**PROBLEM DETAILS**
The answer must consist of every line in the records below that contains the string "Time".

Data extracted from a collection
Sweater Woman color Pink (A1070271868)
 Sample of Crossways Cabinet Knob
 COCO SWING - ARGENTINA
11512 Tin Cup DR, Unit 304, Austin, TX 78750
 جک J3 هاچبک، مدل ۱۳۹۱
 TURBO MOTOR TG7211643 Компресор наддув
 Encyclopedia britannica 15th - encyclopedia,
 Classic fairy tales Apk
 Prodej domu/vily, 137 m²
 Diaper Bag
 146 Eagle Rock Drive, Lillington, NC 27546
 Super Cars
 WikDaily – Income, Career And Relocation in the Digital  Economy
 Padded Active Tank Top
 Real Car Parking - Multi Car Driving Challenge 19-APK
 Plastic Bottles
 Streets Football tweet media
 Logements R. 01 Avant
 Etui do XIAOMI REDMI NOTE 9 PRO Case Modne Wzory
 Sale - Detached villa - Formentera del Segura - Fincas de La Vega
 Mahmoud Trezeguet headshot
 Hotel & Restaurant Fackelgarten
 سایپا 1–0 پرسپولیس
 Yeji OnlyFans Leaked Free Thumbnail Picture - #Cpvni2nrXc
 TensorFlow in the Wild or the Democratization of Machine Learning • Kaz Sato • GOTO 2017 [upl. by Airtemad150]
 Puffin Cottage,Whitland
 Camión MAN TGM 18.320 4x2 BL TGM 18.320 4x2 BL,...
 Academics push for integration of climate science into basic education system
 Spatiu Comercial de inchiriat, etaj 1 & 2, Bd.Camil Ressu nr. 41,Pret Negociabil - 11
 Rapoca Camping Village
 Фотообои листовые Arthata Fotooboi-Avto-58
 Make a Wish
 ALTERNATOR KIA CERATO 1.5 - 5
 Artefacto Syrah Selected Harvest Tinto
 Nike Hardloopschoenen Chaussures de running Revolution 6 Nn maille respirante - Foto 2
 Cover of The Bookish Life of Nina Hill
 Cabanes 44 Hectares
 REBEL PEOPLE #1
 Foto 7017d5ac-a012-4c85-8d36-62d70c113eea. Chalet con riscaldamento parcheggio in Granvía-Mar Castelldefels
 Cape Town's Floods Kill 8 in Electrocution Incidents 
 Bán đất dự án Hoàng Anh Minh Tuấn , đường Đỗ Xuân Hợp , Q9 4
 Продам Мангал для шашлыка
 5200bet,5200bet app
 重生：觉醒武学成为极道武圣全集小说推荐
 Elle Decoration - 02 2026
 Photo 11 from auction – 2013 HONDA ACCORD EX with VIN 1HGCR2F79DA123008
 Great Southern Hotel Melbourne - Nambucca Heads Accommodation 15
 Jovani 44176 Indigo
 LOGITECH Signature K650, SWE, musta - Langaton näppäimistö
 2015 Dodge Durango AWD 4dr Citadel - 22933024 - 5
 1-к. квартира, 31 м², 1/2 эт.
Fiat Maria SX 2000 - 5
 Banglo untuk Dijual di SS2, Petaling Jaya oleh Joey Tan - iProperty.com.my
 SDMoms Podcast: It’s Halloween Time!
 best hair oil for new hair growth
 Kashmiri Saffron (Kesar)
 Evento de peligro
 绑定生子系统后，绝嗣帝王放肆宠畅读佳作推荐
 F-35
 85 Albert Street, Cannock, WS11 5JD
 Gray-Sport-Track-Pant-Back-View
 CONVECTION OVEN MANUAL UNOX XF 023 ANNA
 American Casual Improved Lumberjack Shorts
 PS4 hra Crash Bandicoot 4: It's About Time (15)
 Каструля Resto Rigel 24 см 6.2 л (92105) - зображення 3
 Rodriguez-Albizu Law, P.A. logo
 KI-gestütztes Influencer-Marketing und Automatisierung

**TASK RESPONSE**
 SDMoms Podcast: It’s Halloween Time!
 PS4 hra Crash Bandicoot 4: It's About Time (15)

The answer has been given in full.